DESCRIPTION OF THE TASK
What lines below hold the string "Leather"? Copy them all.

DATASET EXCERPTS
▼

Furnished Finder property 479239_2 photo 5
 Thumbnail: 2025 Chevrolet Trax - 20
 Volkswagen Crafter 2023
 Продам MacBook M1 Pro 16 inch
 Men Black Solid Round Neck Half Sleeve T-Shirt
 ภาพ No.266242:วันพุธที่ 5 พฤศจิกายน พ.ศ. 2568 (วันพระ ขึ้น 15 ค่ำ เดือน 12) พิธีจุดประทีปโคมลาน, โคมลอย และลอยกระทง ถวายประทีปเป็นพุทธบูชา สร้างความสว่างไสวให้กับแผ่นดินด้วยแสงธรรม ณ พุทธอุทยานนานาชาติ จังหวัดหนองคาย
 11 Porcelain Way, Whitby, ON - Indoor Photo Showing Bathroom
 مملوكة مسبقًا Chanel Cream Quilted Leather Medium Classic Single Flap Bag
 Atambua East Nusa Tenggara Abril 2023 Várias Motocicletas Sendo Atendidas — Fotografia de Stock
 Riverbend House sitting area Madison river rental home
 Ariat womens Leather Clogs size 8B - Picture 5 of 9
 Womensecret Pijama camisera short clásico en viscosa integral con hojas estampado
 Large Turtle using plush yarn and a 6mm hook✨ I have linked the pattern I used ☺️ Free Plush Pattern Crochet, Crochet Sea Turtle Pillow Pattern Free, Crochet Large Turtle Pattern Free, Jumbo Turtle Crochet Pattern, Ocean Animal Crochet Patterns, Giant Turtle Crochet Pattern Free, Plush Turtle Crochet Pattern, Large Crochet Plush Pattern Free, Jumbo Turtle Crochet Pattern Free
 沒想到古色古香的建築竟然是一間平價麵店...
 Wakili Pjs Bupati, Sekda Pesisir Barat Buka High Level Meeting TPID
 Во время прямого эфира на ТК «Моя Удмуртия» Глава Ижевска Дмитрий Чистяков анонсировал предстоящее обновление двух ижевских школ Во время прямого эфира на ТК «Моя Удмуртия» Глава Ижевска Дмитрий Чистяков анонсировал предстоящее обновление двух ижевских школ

▲

WRITTEN ANSWER
 مملوكة مسبقًا Chanel Cream Quilted Leather Medium Classic Single Flap Bag
 Ariat womens Leather Clogs size 8B - Picture 5 of 9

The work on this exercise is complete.